[Extracted information — start]

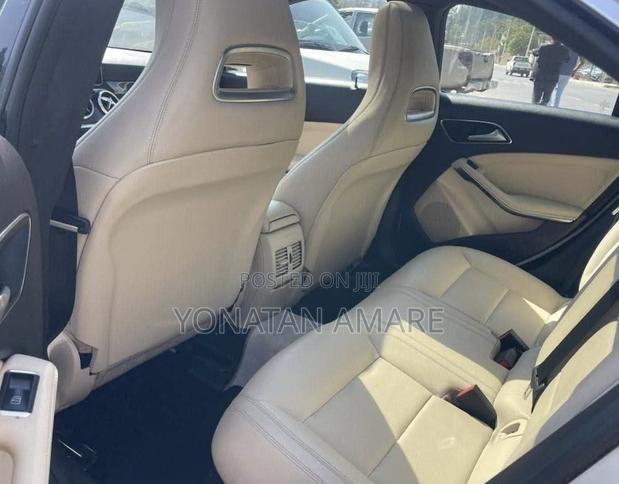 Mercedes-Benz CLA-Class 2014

[Extracted information — finish]
[Extracted information — start]

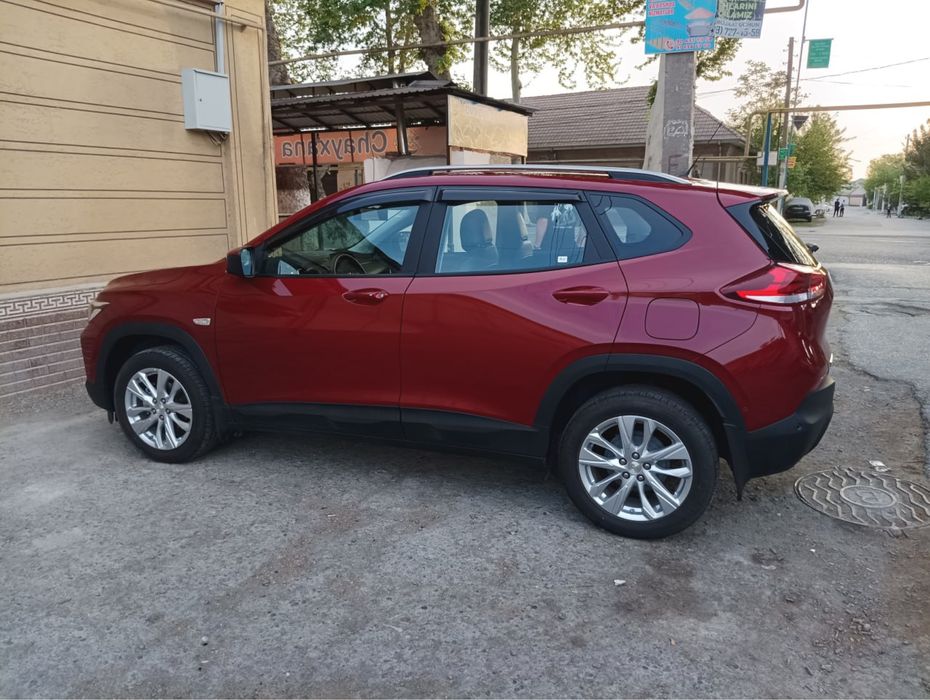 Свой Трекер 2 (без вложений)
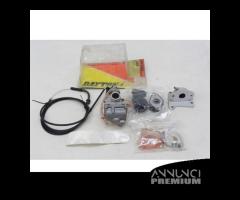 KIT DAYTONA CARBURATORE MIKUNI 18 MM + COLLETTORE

[Extracted information — finish]
[Extracted information — start]

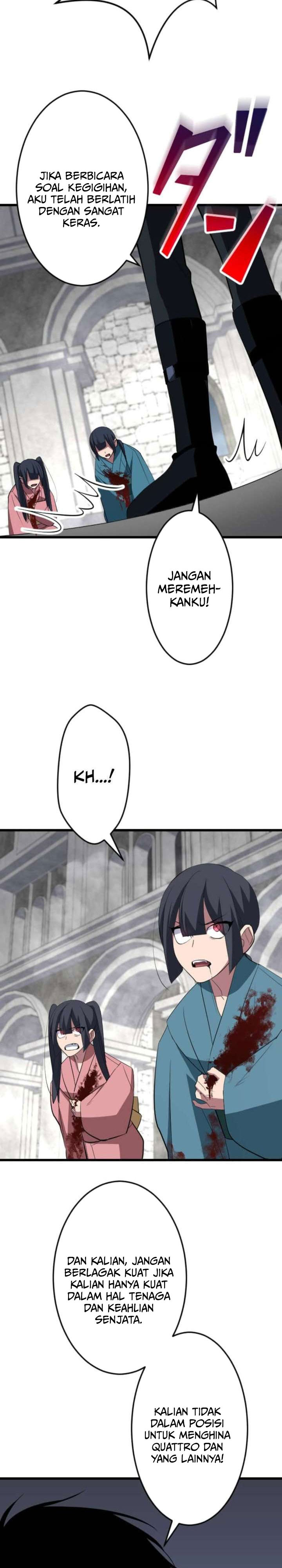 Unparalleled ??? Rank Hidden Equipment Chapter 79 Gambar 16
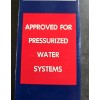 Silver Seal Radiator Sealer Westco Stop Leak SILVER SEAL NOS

[Extracted information — finish]

**Your goal:**
Every line above between the one containing "Unparalleled ??? Rank" and the one containing "Silver Seal Radiator", those two included, is to be printed exactly. No pictures go into the copy.

**Written response:**
 Unparalleled ??? Rank Hidden Equipment Chapter 79 Gambar 16
 Silver Seal Radiator Sealer Westco Stop Leak SILVER SEAL NOS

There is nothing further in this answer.